TranslatorSRI / SRI_testing

MIT License
0 stars 1 forks source link

Restructure KP (and ARA?) test data/configuration to facilitate test data reuseability? #59

Open RichardBruskiewich opened 2 years ago

RichardBruskiewich commented 2 years ago

The SRI Testing KP and ARA JSON test configuration ('test data') files are currently a single file containing the target endpoint; identification and test exclusion metadata; (for KPs) the list of test edges, and (for ARA's) the list of KP infores id's.

Unfortunately, this discourages test data sets DRY reusability, in that multiple deployment/CI environments, described in independent Translator SmartAPI Registry entries, need to duplicate the test (edge data or KPs) configuration file, one per environment, even though the only thing that changes is the TRAPI endpoint URL. How can this duplication be avoided?

See also issue #61

Option A

Split the test configuration into two parts (levels), namely:

Translator SmartAPI Registry entry (e.g. production, dev, etc.) x-trapi.test_data_location => _KPdev.json (has all metadata except test edges) => _Testdata.json (only the test data edges)

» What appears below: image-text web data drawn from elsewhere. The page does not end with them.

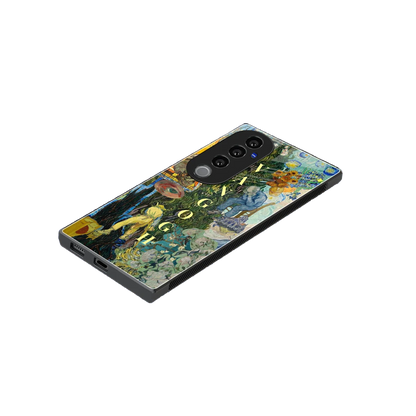 Van Gogh Collage stylish phone case for vivo v40 pro | glossy glass and slim fit
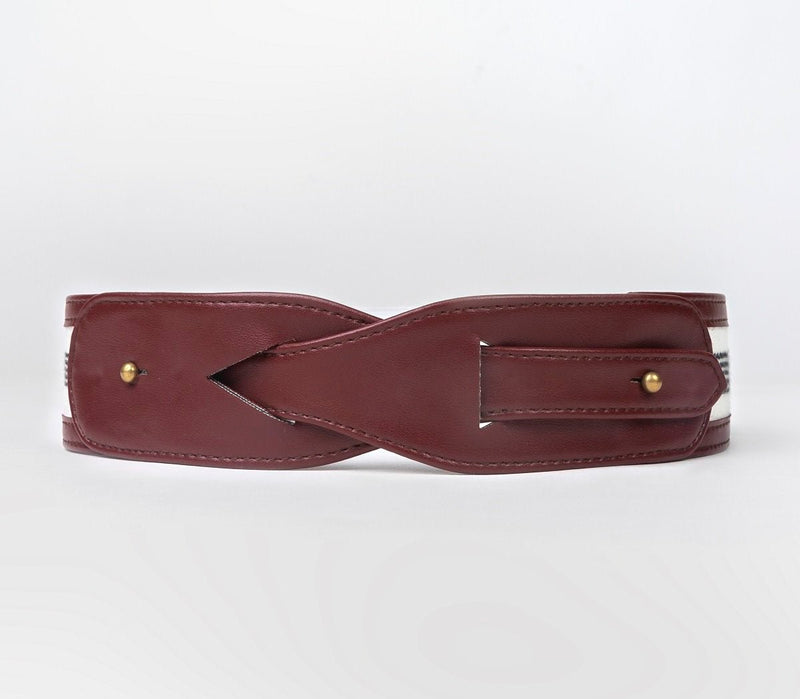 Buy Crossover Dressbelt made with cactus leather | Shop Verified Sustainable Womens Belt on Brown Living™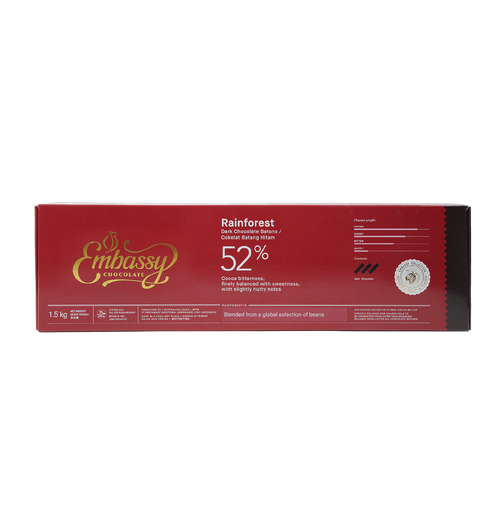 Embassy Rainforest Dark Chocolate Batons (52%) - 1.5 Kg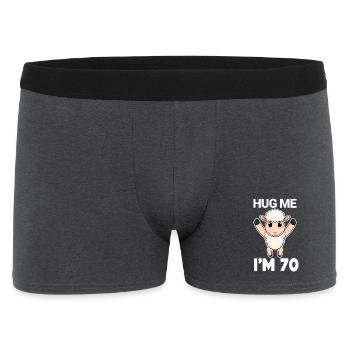 70 birthday - 70 years - hug - Men's Boxer Shorts - charcoal grey - Front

Similar two-level structure of test configuration for ARA's as well?

Option B

Translator SmartAPI Registry entry (e.g. production, dev, etc.) x-trapi.test_data_location => KP_test_data.json file replaces a single test data endpoint with a JSON object dictionary of endpoints, one endpoint per (x-maturity?) environment (dev, prod, etc)

Option C

Don't embed the test data endpoint inside the test data file at all, since we have that information in the Translator SmartAPI Registry already! I guess the rest of the metadata - e.g. infores, etc. - can remain where it is?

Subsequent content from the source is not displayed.